Buy local. Buy fresh. That’s the advice we are getting from food experts and environmentalists. By doing so you’ll be helping preserve the environment, and you’ll be strengthening your community by investing your food dollar close to home, the argument goes.
But how do you keep your promise to buy local foods, and also have a variety in your diet when staple items are only in season at certain times of the year?
Members of staff at Martin’s Family Fruit Farm in Woolwich Township are taking the first step to tackle that challenge, and are currently marketing a new item – the Red Prince apple. Its first widespread introduction into the Ontario marketplace happened at the start of February, a time when most other apples on the shelves here are imports. The Red Prince’s unusual prime season gives it a niche in an otherwise overcrowded market.
“It’s exciting because we have found an apple that actually gets better the longer you store it,” said Martin’s president Kevin Martin. “Some apples get worse for wear after a while but the Red Prince stays crisp and the flavour actually gets better with time.”
The Red Prince apple was discovered in 1994 in an orchard located on the German/Holland border in a small town called Weert. The farm’s owners noticed one of their apple trees had produced a beautiful red apple among a sea of green apples. At the time, they believed it was a gift from Mother Nature and later discovered that it had been developed through the natural crossing of two varieties: the Jonathan and the Golden Delicious.
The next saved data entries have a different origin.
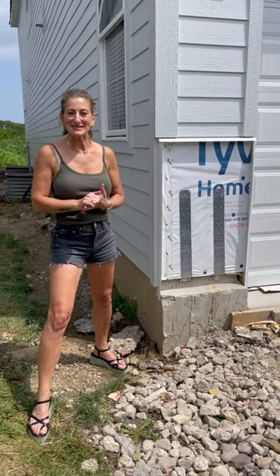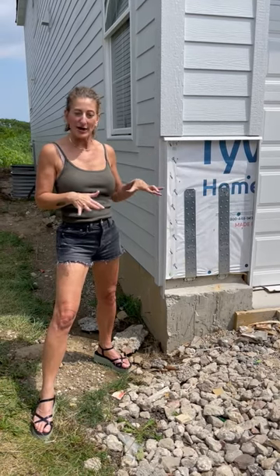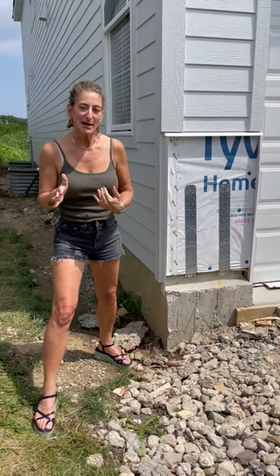Hey friends, it's Jenny. We had a question recently from a homeowner that wanted to know if she were to update the outside of her house, which currently only has siding on the exterior, could she add brick or stone? Great question. Let me explain something to you about how that works.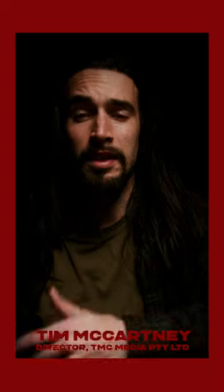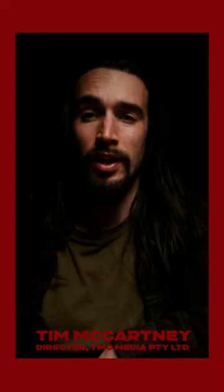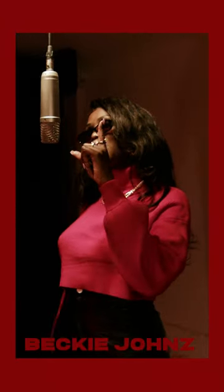Hey, what's up guys? It's Mr. Team C himself, Tim McCartney from the Team C Media channel, and today we're looking at the amazing versatility and power of the Forza 60C. Here we have Becky Jones doing a one for the road, and we're lucky enough to get some BTS footage to show you how we did it.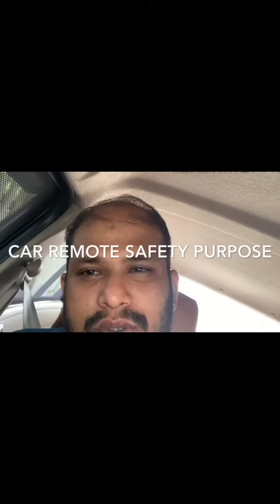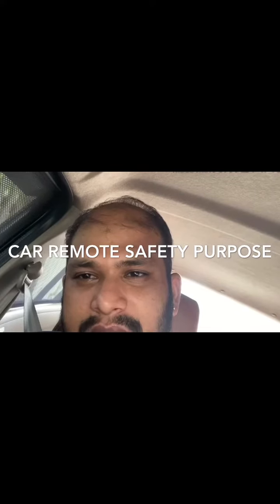Welcome to my channel. Today is a small keychain. It is a safety guard type. I will unbox it. Let's start the video.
In 2001, Irma and Marius Botden, co-owners of Global Fruit in Thornbury, planted their first Red Prince trees in Ontario. Nine years later, as exclusive growers in Canada, they, alongside the staff at Martin’s Family Fruit Farm who are helping to market the product, are excited to introduce the Red Prince apple to Canadians.
Recognized for its red skin, rich with antioxidants according to Martin, the Red Prince has inherited a number of characteristics from its ‘parents’: the sweetness and juiciness of the Golden Delicious and the crispness and tanginess of the Jonathan.
The biggest challenge with marketing a new apple however is the hurdle of getting people to change their eating habits, said Martin.
“People will go into a store and pick up a Macintosh because it’s familiar. They’ve tried Macintosh, they like Macintosh. Why try something new?” he explained. “It’s our job to get people to pick it up for the first time. Once they do we are confident that they will like it.”
To raise awareness about the new product, the team of marketers at both farms have developed something called the 30 Day Civility Challenge, which encourage people to do a kind act for someone else every day.
“The theme of the civility challenge goes along with the prince idea,” explained Martin. “It can be tough to create a brand around food but we think by encouraging people to do good things and eat a healthy, local product, we can’t really go wrong.”
The Red Prince apple is currently sold in Sobey’s, Loblaw and Longo’s stores in Ontario, as well as locally at Martin’s Family Fruit Farm and the St. Jacobs Farmers’ Market.